======== SUPPLIED INFORMATION
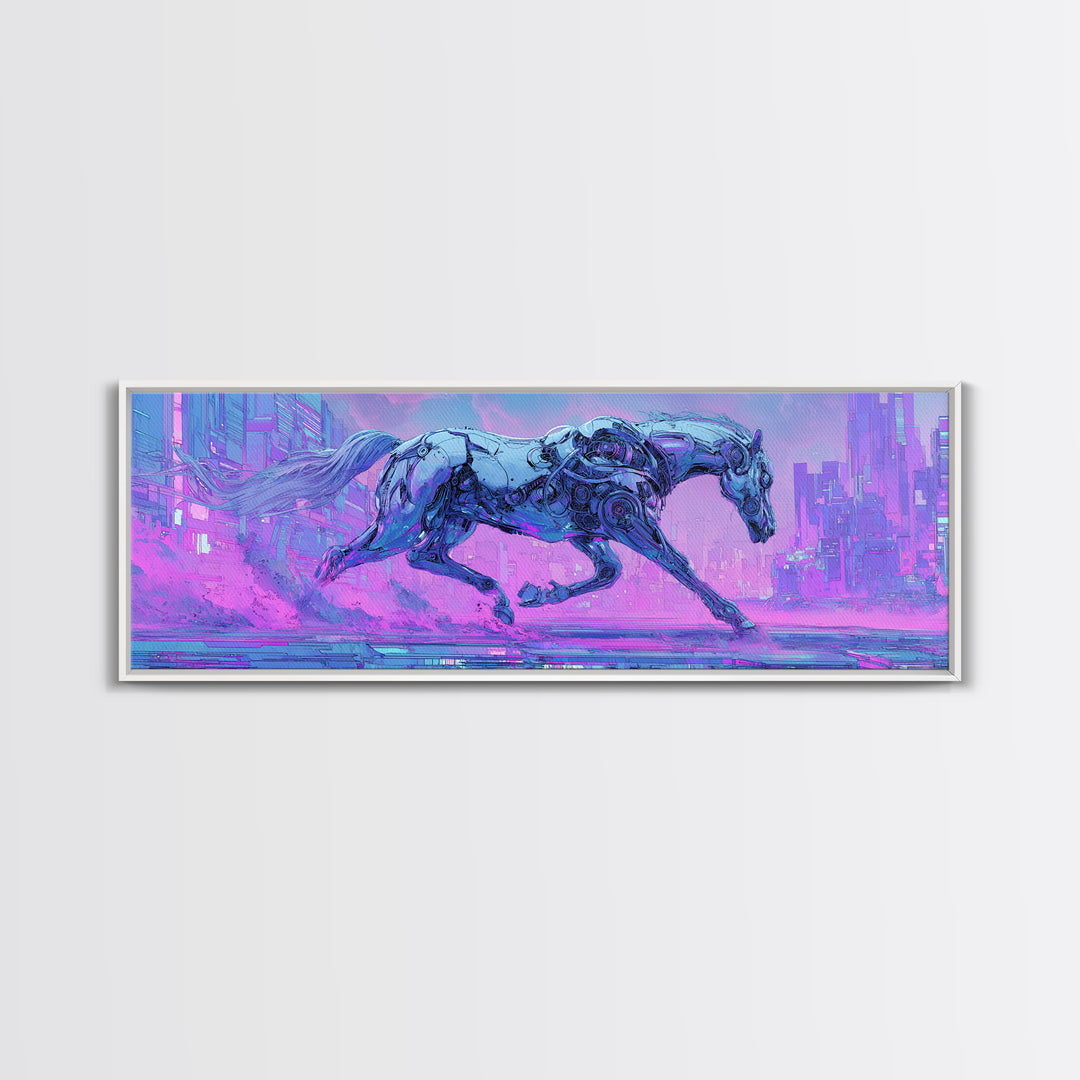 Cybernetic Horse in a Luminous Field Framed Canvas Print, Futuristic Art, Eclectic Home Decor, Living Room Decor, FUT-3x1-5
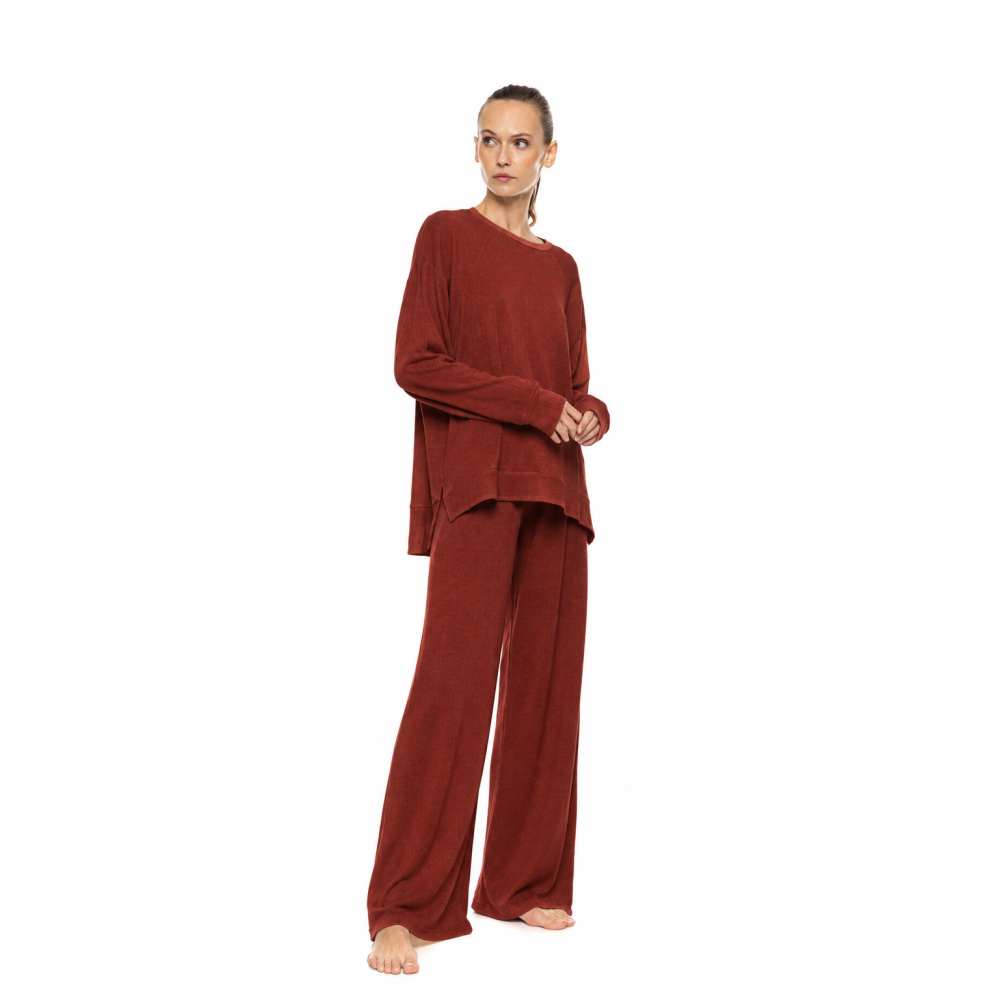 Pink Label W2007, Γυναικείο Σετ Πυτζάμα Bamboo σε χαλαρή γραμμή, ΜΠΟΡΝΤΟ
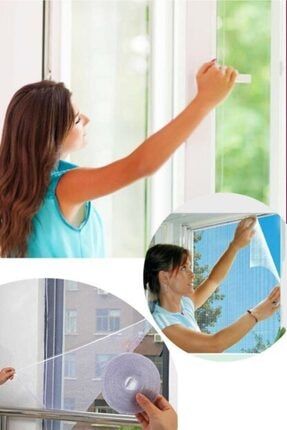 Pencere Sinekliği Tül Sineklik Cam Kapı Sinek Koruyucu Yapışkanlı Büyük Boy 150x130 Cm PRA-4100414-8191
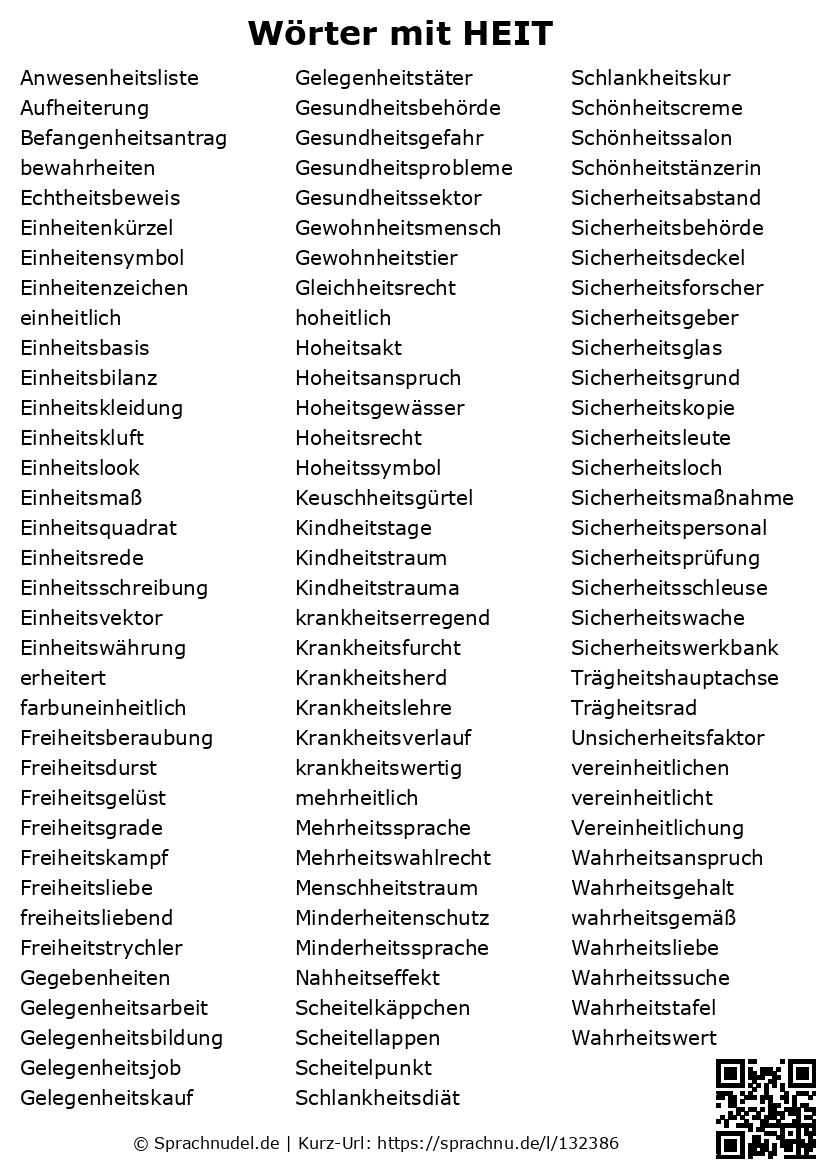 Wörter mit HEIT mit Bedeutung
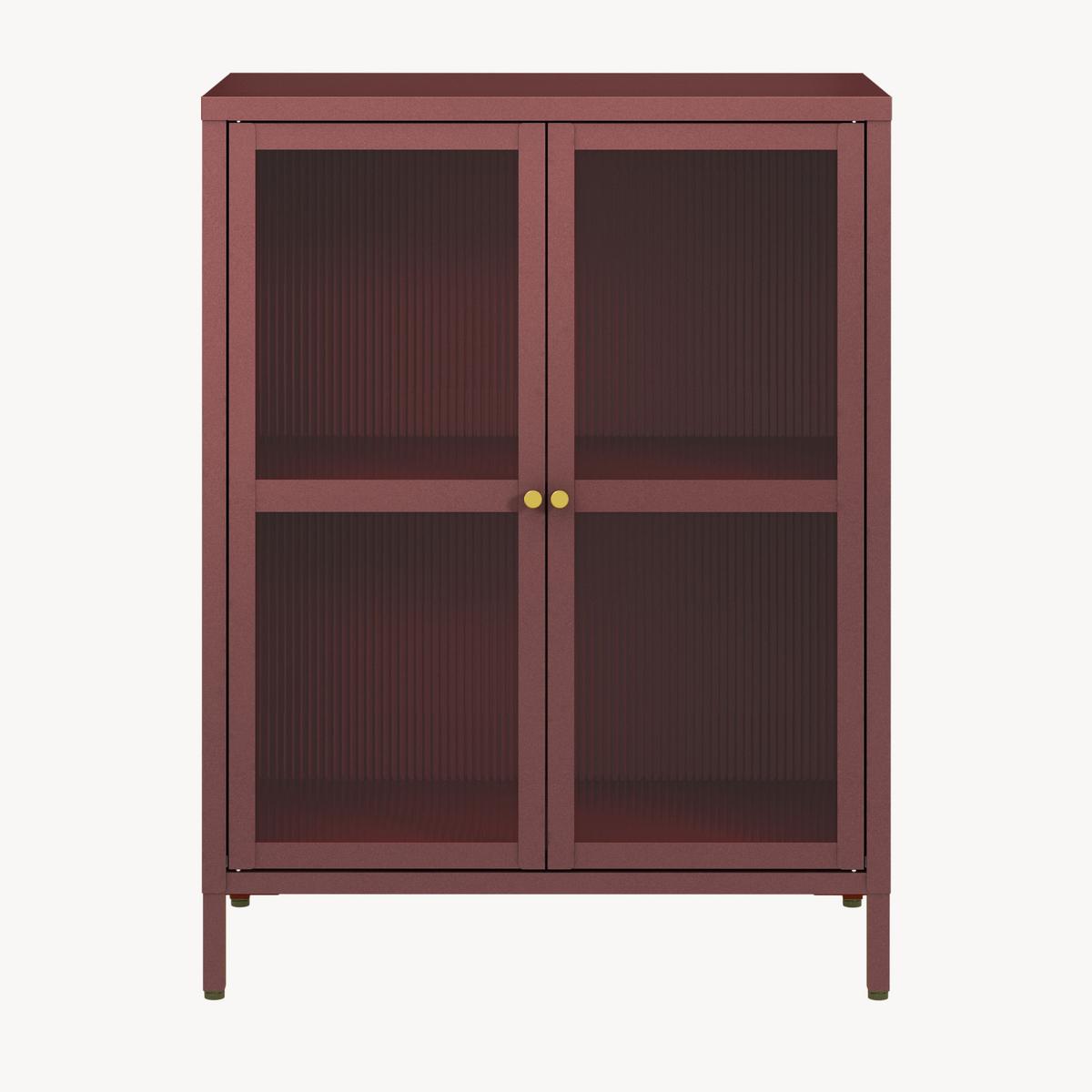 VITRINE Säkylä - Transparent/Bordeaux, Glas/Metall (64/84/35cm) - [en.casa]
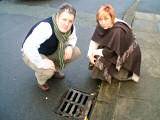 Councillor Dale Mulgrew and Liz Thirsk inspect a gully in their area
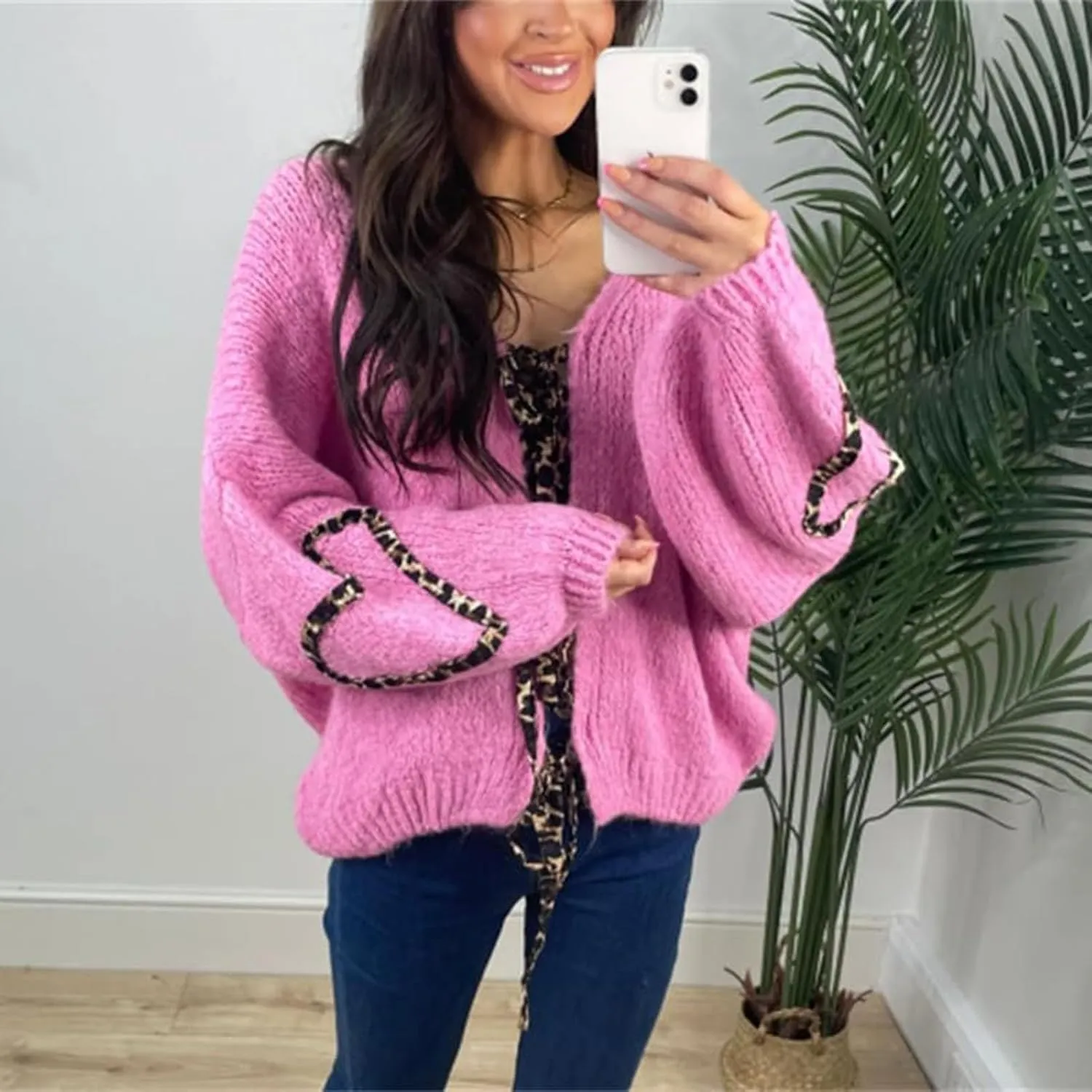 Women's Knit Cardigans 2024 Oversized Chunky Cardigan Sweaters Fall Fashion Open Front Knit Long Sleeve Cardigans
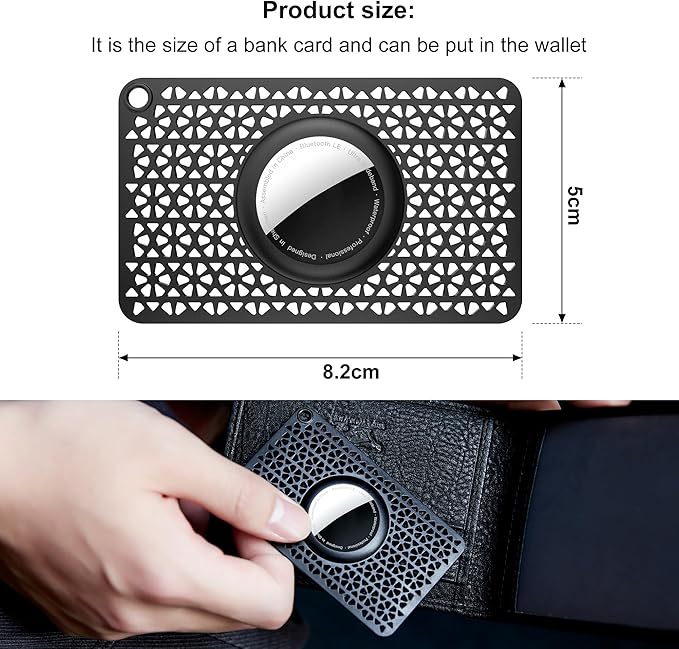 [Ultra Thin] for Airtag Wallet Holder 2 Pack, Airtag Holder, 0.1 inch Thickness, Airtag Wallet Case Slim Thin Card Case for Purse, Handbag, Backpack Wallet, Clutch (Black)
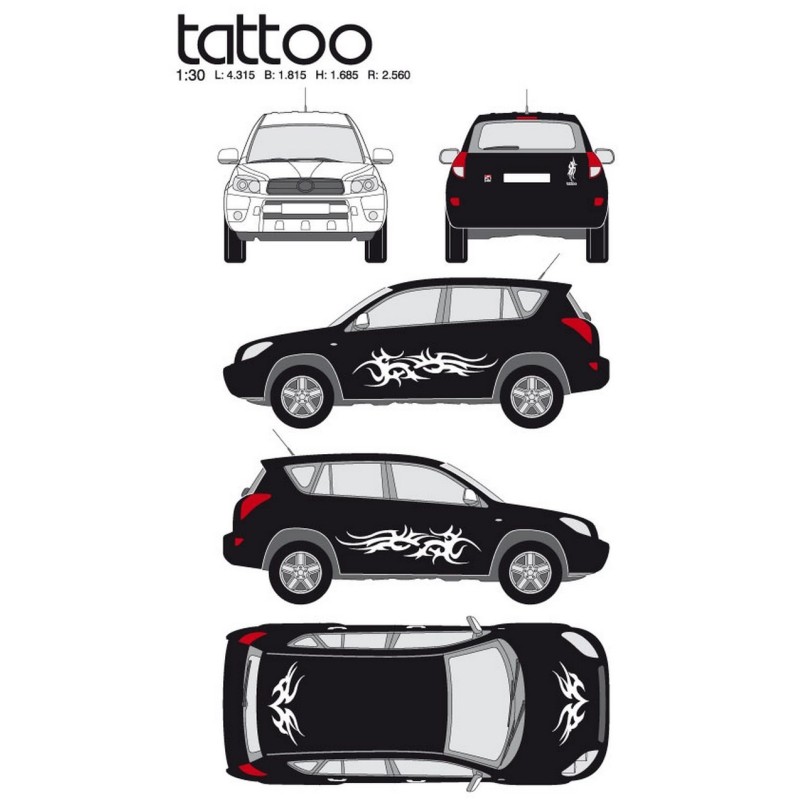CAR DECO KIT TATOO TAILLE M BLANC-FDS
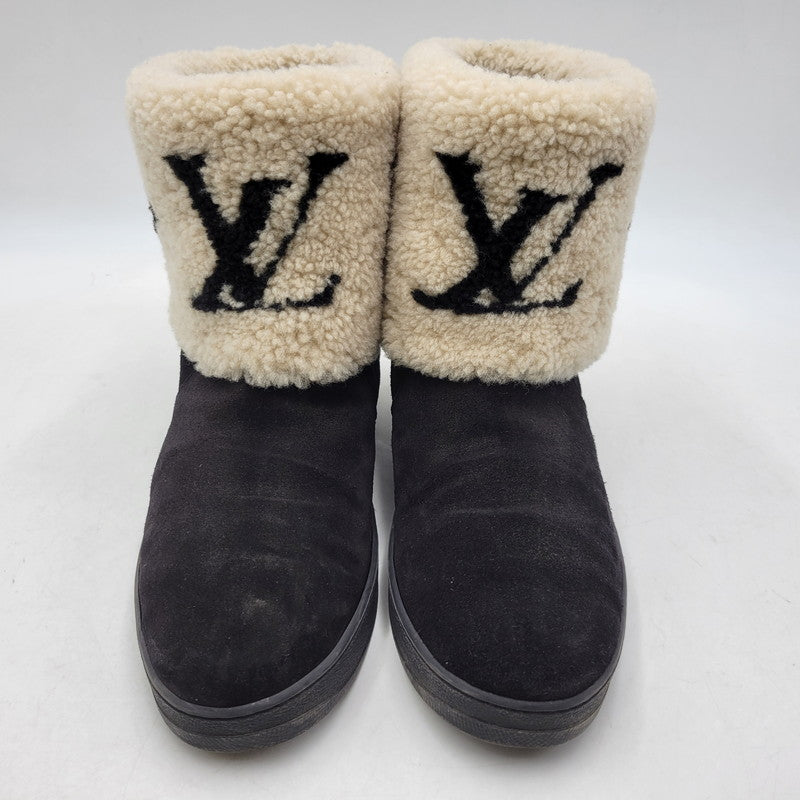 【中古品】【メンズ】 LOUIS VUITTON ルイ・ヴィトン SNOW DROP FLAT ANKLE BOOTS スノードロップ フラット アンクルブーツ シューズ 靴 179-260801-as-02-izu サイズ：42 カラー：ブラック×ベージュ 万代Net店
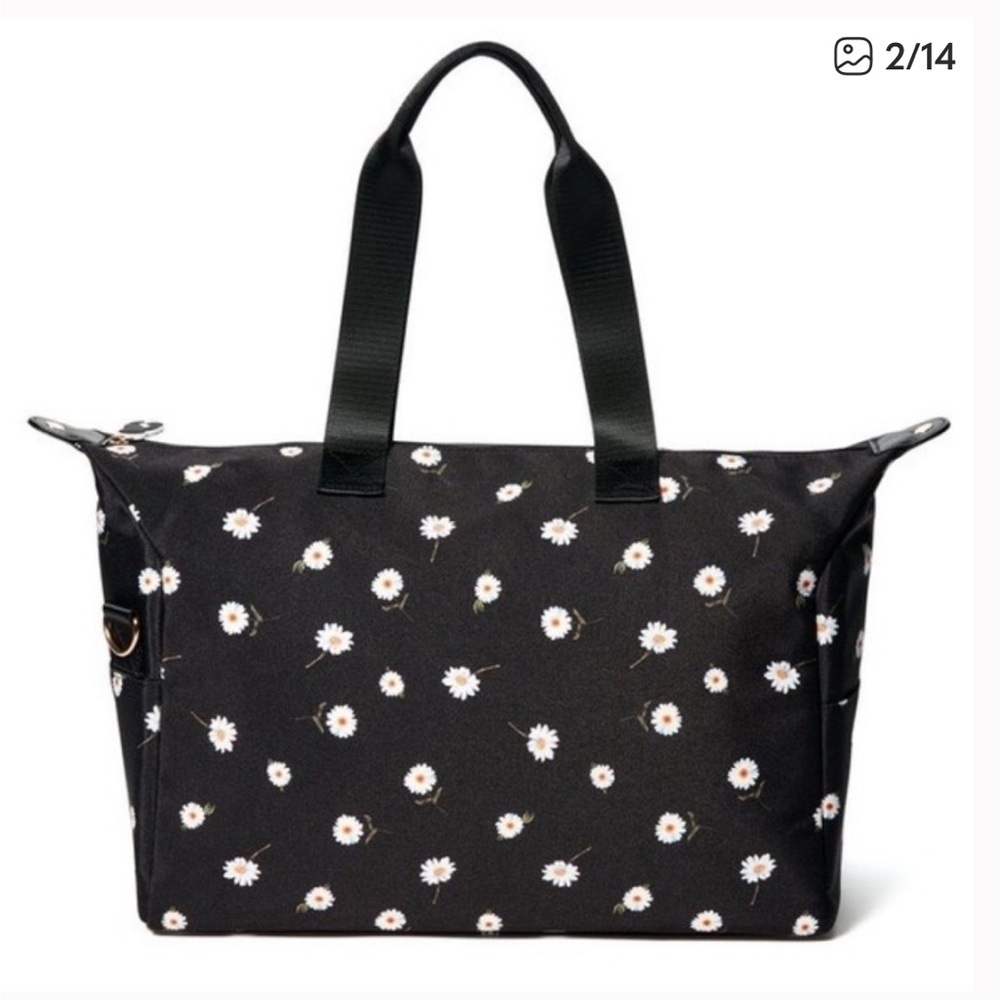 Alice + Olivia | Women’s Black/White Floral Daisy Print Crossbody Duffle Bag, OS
================
WHAT YOU NEED TO DO: Transcribe the listing above exactly, but only from the line with "Wörter mit HEIT mit Bedeutung" through the line with "Women's Knit Cardigans". Include both of those lines and omit the pictures.

RESULT:
 Wörter mit HEIT mit Bedeutung
 VITRINE Säkylä - Transparent/Bordeaux, Glas/Metall (64/84/35cm) - [en.casa]
 Councillor Dale Mulgrew and Liz Thirsk inspect a gully in their area
 Women's Knit Cardigans 2024 Oversized Chunky Cardigan Sweaters Fall Fashion Open Front Knit Long Sleeve Cardigans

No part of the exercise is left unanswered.